### [WHAT TO DO]
Print the listing below again, exactly. Skip the pictures.

### [COLLECTED MATERIAL]
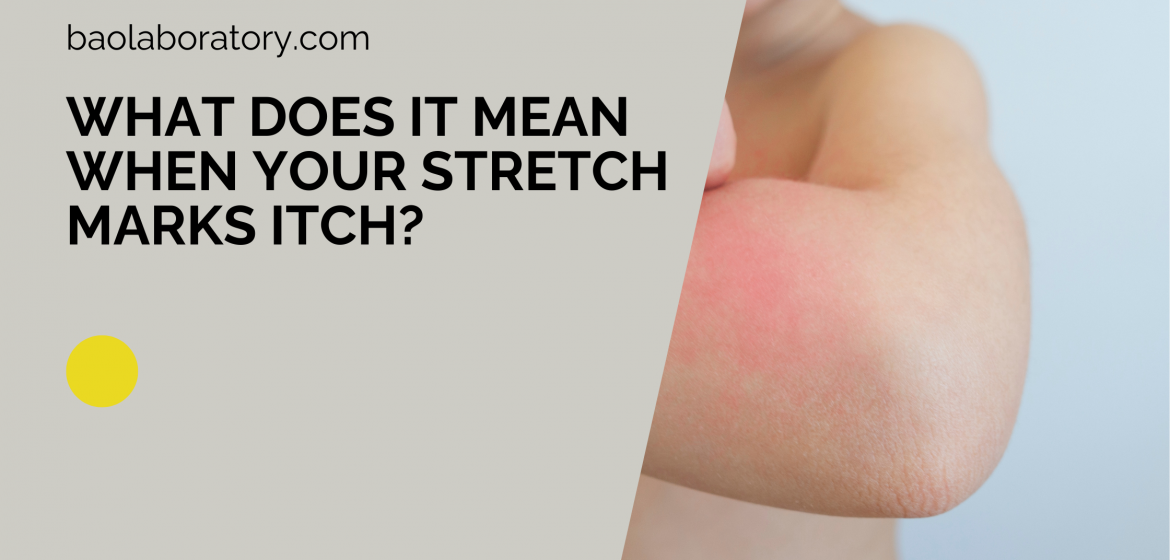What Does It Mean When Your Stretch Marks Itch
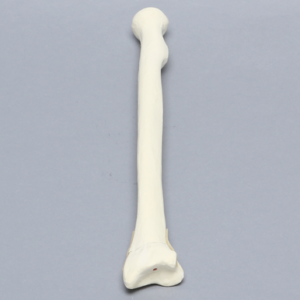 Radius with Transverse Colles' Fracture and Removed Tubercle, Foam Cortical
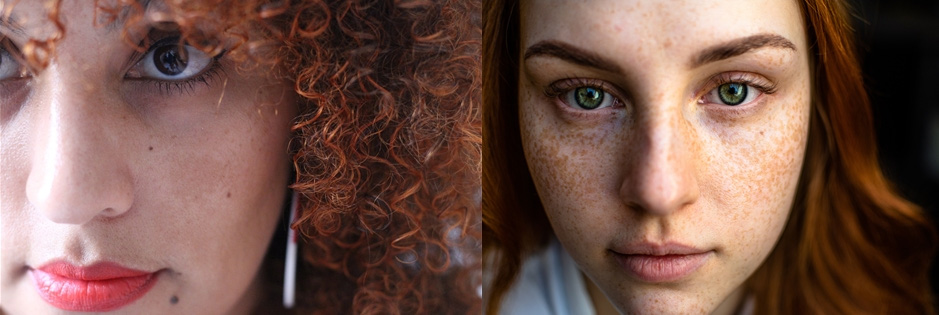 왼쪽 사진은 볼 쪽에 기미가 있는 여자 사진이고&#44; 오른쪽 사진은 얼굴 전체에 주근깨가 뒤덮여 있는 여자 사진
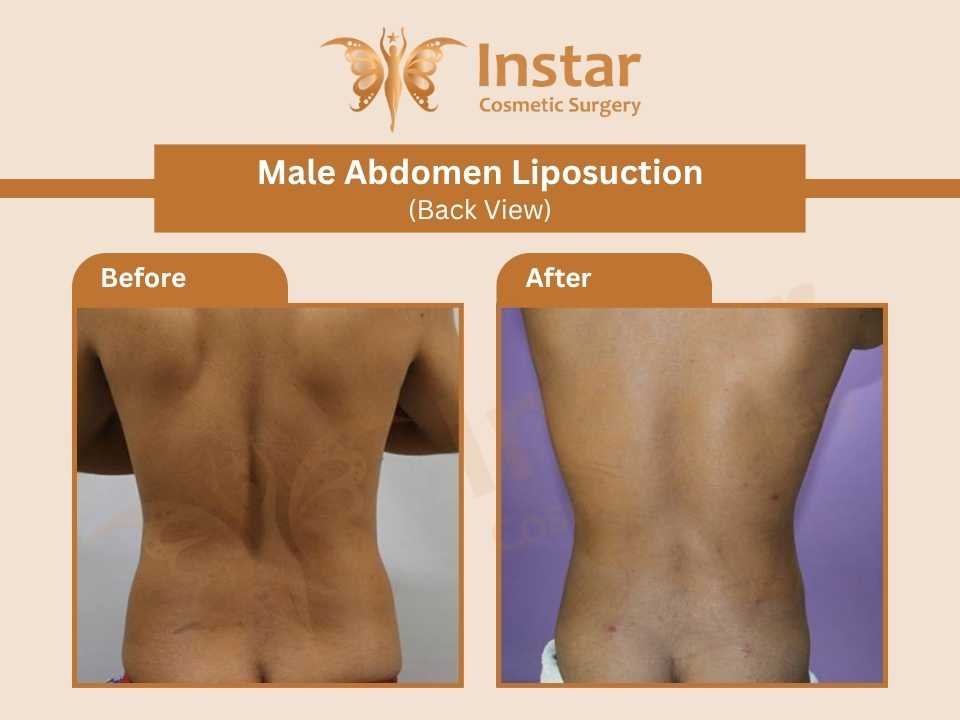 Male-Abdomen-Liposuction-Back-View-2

### [EXERCISE RESULT]
What Does It Mean When Your Stretch Marks Itch
 Radius with Transverse Colles' Fracture and Removed Tubercle, Foam Cortical
 왼쪽 사진은 볼 쪽에 기미가 있는 여자 사진이고&#44; 오른쪽 사진은 얼굴 전체에 주근깨가 뒤덮여 있는 여자 사진
 Male-Abdomen-Liposuction-Back-View-2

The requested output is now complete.